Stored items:
-- Opening Marker --
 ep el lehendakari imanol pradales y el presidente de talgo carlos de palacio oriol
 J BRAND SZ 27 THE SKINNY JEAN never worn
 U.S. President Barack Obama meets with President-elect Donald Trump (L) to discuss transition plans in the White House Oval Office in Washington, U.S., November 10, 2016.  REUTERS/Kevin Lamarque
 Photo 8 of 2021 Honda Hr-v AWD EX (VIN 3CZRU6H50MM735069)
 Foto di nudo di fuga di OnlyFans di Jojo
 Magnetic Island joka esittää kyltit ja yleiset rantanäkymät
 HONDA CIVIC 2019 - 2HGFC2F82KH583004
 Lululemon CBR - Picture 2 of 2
-- Closing Marker --
Required action:
A faithful copy is required of the lines from the one with "U.S. President Barack" through the last line of the data; please add nothing.

Problem solution:
 U.S. President Barack Obama meets with President-elect Donald Trump (L) to discuss transition plans in the White House Oval Office in Washington, U.S., November 10, 2016.  REUTERS/Kevin Lamarque
 Photo 8 of 2021 Honda Hr-v AWD EX (VIN 3CZRU6H50MM735069)
 Foto di nudo di fuga di OnlyFans di Jojo
 Magnetic Island joka esittää kyltit ja yleiset rantanäkymät
 HONDA CIVIC 2019 - 2HGFC2F82KH583004
 Lululemon CBR - Picture 2 of 2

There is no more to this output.